Question 10.32: KNOWN: Cylinder of 120 mm diameter at 1000K quenched in satu......
KNOWN: Cylinder of 120 mm diameter at 1000K quenched in saturated water at 1 atm
FIND: Describe the quenching process and estimate the maximum heat removal rate per unit length during cooling.
ASSUMPTIONS: Water exposed to 1 atm pressure, \mathrm T_{\text{sat}} = 100°C.
SCHEMATIC:
ANALYSIS: At the start of the quenching process, the surface temperature is \mathrm T_{\mathrm s}(0) = 1000 K.
Hence, \Delta\mathrm T_{\mathrm e} = \mathrm T_{\mathrm s} – \mathrm T_{\text{sat}} = 1000 K – 373 K = 627 K, and from the typical boiling curve of Figure 10.4, film boiling occurs.
As the cylinder temperature decreases, \Delta\mathrm T_{\mathrm e} decreases, and the cooling process follows the boiling curve sketched above. The cylinder boiling process passes through the Leidenfrost point D, into the transition or unstable boiling regime (D → C).
At point C, the boiling heat flux has reached a maximum, \mathrm q_{\max}^{\prime\prime} = 1.26 MW/m² (see Example 10.1).

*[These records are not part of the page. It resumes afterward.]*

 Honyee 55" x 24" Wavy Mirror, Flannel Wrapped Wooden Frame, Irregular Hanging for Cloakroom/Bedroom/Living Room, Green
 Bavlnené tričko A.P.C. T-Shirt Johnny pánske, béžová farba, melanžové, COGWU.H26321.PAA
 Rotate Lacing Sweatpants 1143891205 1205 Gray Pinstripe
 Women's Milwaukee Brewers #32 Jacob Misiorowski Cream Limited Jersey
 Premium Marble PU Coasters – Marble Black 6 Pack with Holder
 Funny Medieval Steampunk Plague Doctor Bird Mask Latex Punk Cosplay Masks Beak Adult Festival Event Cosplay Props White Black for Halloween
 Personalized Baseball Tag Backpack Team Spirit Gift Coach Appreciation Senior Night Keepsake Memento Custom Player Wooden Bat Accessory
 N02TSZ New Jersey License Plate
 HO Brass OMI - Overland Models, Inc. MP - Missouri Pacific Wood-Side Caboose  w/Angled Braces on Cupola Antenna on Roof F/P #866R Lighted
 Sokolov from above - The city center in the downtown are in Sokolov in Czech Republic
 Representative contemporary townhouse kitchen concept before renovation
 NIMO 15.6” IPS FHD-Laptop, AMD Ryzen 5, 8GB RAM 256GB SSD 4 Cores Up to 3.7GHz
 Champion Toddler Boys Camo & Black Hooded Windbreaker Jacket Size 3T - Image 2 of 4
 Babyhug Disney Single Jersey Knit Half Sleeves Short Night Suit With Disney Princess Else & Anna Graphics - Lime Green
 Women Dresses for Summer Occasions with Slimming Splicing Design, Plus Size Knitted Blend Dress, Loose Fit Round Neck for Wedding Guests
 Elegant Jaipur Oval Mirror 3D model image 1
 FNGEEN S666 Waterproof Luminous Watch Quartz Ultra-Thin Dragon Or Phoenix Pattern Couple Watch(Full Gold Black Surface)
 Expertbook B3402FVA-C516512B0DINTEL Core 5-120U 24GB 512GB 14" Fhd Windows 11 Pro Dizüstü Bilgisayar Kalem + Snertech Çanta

Hence, the heat rate per unit length of the cylinder is
q _{ s }^{\prime}= q _{\max }^{\prime}= q _{\max }^{\prime \prime}(\pi D )=1.26 MW / m ^2[\pi(0.120 m )]=0.475 MW / m.
As the cylinder cools further, nucleate boiling occurs (C → A) and the heat rate drops rapidly. Finally, at point A, boiling no longer is present and the cylinder is cooled by free convection.
COMMENTS: Why doesn’t the quenching process follow the cooling curve of Figure 10.3?